Our approach uses existing technology

Inertial fusion is a pulsed process, like an internal combustion engine. Each target releases a large amount of energy; the power output is the energy per shot multiplied by the frequency. A pulsed approach gives great design flexibility, trading off energy per shot and frequency. Our aim is the lowest risk plant design possible. High energy per shot reduces physics risk, and slower frequency and small overall plant size reduce the engineering risk.

The target will simply be dropped into the reaction chamber from above, falling under gravity. The projectile is launched downwards on top of the target and catches it up in the centre of the chamber. The impact is focused by the target and a pulse of fusion energy* is released. That energy is absorbed by the lithium flowing inside the vessel, heating it up. Finally, a heat exchanger transfers the heat of the lithium to water, generating steam that turns a turbine and produces electricity.

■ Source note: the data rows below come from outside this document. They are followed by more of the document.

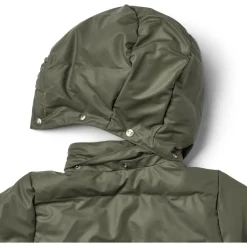 WHEAT - Kid's Pu Pufferjacke Küste - Winterjacke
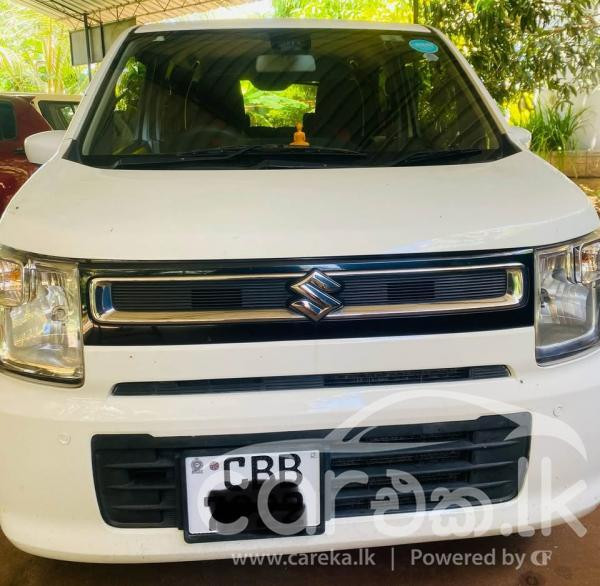 SUZUKI WAGON R FX 2018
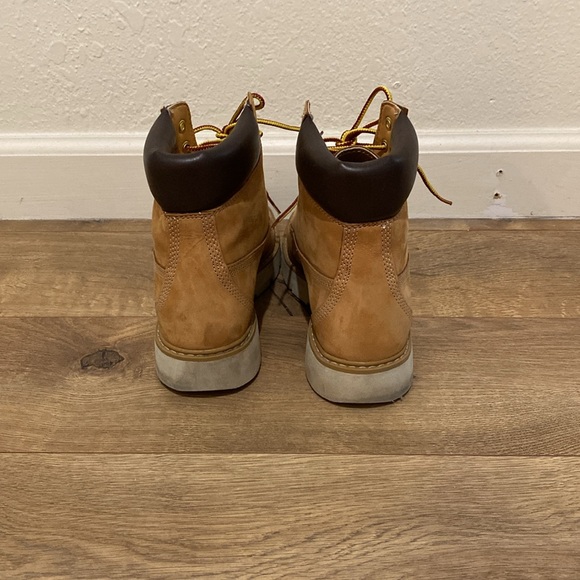 Women’s timberland sensorflex boot - size 8 - Picture 4 of 5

* we had a vote and decided that neutrons are purple

This plant design avoids the three biggest engineering challenges of fusion: preventing neutron damage, producing tritium, and managing extreme heat flux. Lithium is used to produce tritium, one of the two fusion fuels. Our design allows tritium self-sufficiency with pure lithium in the natural isotope balance. This is a major advantage as the only by-product is helium, and there is an established supply chain for normal lithium.

The thick liquid lithium also blocks the neutrons from reaching the vessel, meaning that it will last for the lifetime of the plant. The liquid first wall also addresses the issue of very high heat flux. Some of the lithium will be vapourised by the energy release, but it simply recondenses.

There is a large amount of existing engineering that can be reused to realise this plant design. Fast breeder reactors, a type of nuclear plant, use liquid metal as the coolant, typically sodium or sodium-potassium mixture. The engineering from these plants can be ported over to lithium. After the lithium heat exchanger, the plant is identical to many other already working facilities. Most of the cost is low risk engineering.

We are aiming for a power plant producing ~150 MW of electricity, firing once every 30 seconds, and costing less than $1 bn.